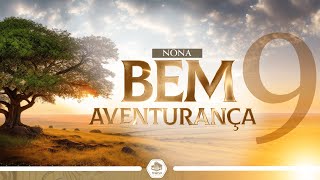 #9 Bem aventurados quando vos injuriarem e vos perseguirem | ESTUDO DAS 9 BEM AVENTURANÇAS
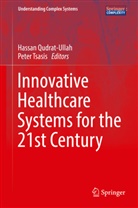 Hassa Qudrat-Ullah, Hassan Qudrat-Ullah, Tsasis, Peter Tsasis - Innovative Healthcare Systems for the 21st Century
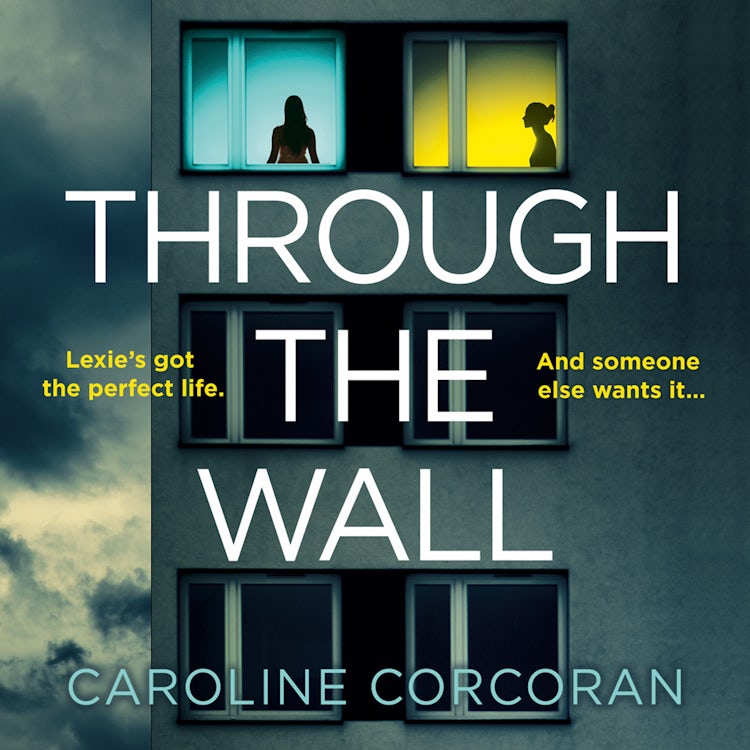 Cover image for Through the Wall: The absolute creepiest, jaw-dropping psychological thriller, isbn: 9780008335113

━━━

* _TASK_:
The expected output is the full material above, unaltered, with pictures removed.

* _WRITTEN SOLUTION_:
 #9 Bem aventurados quando vos injuriarem e vos perseguirem | ESTUDO DAS 9 BEM AVENTURANÇAS
 Hassa Qudrat-Ullah, Hassan Qudrat-Ullah, Tsasis, Peter Tsasis - Innovative Healthcare Systems for the 21st Century
 Cover image for Through the Wall: The absolute creepiest, jaw-dropping psychological thriller, isbn: 9780008335113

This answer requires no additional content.